- We answer the telephone during our family meal time or while we are spending some time with our families. Most homes have an answering machine or voice mail, and if your home doesn't it's about time to invest in one. Let the machine take the calls while you're involved with your family. You can return the calls later.
- We don't advocate for a fair salary and benefit package. I know how difficult this is, but we cannot expect our churches to provide a decent salary and benefit package if we don't even ask for it. At the very least we can let our churches know what it costs to maintain our families.
- We accept responsibility for tasks that are not ours. Someone in the church accepts a position in the church but doesn't fulfill the tasks of the position, so we follow along behind them and make sure those tasks gets done. Too many pastors are dusting the church furniture, picking up loose bulletins, mowing the grass, and making sure all the lights are out after everyone else leaves on Sunday.
- We refuse to take our vacations and days off, and if we do take them we allow people to contact us during those times. I heard of a pastor this week who was on vacation last week and called a church leader every day he was away to find out how things were going.
- We allow others in the church to voice their expectations for how our children and spouse should fit in the life of the church. Some in our women's mission circle didn't like it when I told them my wife would not serve as president of their organization nor would she take certain roles in the church. This was her wishes, but I made sure the right people understood she would not take certain roles in the church just because I was the pastor. I protected both our children in the same way when they were younger. Some pastors don't, and their families resent being expected to do certain things because they are part of the pastor's family.

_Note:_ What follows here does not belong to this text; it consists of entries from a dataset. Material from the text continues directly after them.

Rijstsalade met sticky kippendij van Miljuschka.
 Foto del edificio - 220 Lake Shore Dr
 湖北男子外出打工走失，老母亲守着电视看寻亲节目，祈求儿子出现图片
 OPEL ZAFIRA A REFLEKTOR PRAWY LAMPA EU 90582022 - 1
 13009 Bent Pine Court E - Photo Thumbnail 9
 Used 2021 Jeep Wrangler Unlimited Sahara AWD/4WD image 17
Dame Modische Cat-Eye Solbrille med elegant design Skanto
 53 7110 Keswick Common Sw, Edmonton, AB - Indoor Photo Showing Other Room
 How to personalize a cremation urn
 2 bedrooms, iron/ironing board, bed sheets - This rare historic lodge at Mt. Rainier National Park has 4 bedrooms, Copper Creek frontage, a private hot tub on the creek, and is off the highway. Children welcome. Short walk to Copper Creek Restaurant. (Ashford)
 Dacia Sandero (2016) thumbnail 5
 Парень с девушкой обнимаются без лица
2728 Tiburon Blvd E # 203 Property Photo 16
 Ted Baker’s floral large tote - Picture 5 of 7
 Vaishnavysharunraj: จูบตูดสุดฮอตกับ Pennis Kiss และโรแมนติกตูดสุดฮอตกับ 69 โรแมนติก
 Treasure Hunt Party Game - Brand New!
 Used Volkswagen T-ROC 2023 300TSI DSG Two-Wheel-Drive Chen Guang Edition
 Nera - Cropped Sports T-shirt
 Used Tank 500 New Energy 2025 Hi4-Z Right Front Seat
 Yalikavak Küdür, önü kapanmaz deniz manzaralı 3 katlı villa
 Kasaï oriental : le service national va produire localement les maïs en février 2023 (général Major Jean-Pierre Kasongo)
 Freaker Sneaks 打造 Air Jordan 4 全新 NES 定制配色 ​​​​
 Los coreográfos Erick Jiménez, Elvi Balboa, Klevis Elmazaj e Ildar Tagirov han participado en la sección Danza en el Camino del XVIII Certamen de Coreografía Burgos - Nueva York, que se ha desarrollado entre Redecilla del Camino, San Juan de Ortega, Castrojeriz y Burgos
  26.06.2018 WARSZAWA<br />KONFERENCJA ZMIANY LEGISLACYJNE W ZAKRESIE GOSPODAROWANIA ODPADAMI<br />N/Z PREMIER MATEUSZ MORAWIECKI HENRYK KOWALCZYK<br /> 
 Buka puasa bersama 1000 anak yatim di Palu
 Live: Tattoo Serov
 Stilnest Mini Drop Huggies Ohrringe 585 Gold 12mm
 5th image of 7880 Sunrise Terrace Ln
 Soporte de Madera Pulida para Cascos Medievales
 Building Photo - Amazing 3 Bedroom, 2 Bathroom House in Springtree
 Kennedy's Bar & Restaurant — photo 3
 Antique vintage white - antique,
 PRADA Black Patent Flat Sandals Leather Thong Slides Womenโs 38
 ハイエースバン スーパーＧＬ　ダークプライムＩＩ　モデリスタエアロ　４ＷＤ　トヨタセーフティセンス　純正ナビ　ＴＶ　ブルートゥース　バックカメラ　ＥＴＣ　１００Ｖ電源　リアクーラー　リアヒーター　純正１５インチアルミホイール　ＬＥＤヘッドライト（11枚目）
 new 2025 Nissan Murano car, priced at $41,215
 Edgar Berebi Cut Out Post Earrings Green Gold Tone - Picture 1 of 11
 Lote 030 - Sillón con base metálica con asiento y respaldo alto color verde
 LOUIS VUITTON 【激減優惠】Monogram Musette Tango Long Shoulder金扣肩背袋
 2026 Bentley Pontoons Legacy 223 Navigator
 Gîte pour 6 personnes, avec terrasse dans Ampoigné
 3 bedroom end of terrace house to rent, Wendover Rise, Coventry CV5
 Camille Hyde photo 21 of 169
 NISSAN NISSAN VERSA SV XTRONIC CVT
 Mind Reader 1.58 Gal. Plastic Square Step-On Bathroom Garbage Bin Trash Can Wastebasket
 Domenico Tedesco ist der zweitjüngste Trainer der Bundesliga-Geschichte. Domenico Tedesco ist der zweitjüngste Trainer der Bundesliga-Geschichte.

I could continue to list more examples, but I hope you get the picture. If persons in the church consistently violate boundaries in your life and that of your family members it is because you have taught them it is OK to do so. If that is the case, today is the day to begin to set new boundaries and teach them to the congregation. Some won't like them, but that is their problem. I realize this may get you in trouble in some churches, but that is only because people have never been taught to respect the boundaries of a pastor, and they are not going to learn any younger! I do think you owe it to yourself and to your family to try to help the congregation learn the importance of respecting the boundaries you and your family have established, and if they won't learn this it may be time to begin asking God to open up new opportunities of ministry.
2 comments:
Thank you for such an encouraging article. I am currently serving as a very bivocational youth pastor under a full-time senior pastor. I have been wrestling with some of these very boundary issues in light of growing activity expectations, and your writing is an encouragement for me to graciously stand strong for my family.
Thanks for your comments Jeff, and I'm glad you found the article helpful. Let me know how you begin to communicate your stand to the church and their response.